I am often asked how we came to be missionaries and how I felt when I found out that was the direction the Lord was leading my husband.
Chris and I began our marriage in an ideal way by the world’s perspective. Chris already had a great job, had bought us a house, and a nice car. After three years of marriage and two sweet children our life was a picture of the american dream. From the outside everything was perfect.
The problem was that our lives were completely consumed with pleasing self. We faithfully attended church, but rarely gave a thought to God or what He might want for our life. We told ourselves that we could live for God and live the way that we wanted at the same time. Our days were filled with working for more money, more things, more fun, more self satisfaction. The more we gained the more dissatisfied and empty we felt.
I can remember coming home one night after church considering Heaven. I knew that I was saved and would one day be there. When I considered standing before my Lord and Savior I felt very sad. My heart was broken by the thought of facing the one who had given everything for me and telling Him that I had done nothing for Him with my life.
That night I began to pray that the Lord would turn things around in my life and in my family. I prayed that the Lord would change my husband’s heart as well. I never told Chris what I was feeling or how I was praying. I really didn’t even know how to put it into words. So I just asked God to work in his heart.
A couple weeks after this night, Chris called me on the way home from work. My normally tough, unemotional husband was in tears. He told me that he was tired of living for self and that we had to drastically change our lives. I knew that God had answered my prayer! That evening we wept and prayed together for the first time in a very long time. We didn’t know what the future would hold, but we felt such a great peace in knowing that our lives were now in God’s hands and not in our own.

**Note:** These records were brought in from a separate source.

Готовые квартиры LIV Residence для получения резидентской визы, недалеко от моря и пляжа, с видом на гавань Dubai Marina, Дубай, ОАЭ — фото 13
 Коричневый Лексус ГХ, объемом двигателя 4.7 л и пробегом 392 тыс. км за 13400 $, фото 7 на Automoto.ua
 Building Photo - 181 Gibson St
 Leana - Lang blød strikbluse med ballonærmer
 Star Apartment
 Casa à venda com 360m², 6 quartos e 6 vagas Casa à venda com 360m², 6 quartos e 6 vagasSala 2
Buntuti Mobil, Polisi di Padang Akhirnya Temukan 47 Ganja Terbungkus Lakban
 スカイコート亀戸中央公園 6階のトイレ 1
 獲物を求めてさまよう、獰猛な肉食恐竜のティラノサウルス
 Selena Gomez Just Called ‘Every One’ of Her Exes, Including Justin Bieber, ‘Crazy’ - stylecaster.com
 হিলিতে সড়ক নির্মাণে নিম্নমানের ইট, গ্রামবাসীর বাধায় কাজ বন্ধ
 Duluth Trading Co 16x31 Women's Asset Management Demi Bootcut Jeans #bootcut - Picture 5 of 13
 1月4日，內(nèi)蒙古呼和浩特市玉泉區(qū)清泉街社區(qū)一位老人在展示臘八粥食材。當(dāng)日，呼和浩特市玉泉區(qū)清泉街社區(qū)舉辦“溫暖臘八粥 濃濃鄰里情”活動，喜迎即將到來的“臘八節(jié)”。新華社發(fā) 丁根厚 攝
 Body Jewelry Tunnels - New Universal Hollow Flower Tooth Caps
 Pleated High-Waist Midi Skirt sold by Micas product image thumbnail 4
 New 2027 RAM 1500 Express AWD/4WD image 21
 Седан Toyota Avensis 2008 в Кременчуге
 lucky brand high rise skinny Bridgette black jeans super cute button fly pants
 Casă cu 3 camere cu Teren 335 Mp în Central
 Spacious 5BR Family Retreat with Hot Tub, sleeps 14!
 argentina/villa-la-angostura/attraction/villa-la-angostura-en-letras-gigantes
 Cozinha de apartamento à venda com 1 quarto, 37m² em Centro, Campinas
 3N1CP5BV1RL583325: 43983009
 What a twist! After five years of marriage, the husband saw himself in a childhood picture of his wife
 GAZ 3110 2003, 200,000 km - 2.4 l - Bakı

This is what began the amazing journey that has led us to plant churches in London. Deputation often feels long. Sometimes I feel tired and my attitude is not what it should be. In these times I remember what my life was before and I determine to live for the Lord all over again. I can tell you honestly that the joy and peace of living my life for the Lord is so much better than the emptiness and dissatisfaction of living for myself. God meets every need and is so good to my family! Trusting God with your life doesn’t mean you have to be a missionary, but it does mean being willing to do anything God would lead you to do.
Matthew 6:24 says “No man can serve two masters: for either he will hate the one, and love the other; or else he will hold to the one, and despise the other. Ye cannot serve God and mammon.”
There is no middle ground. We either serve God or we serve self. A life given to the LORD is so much sweeter!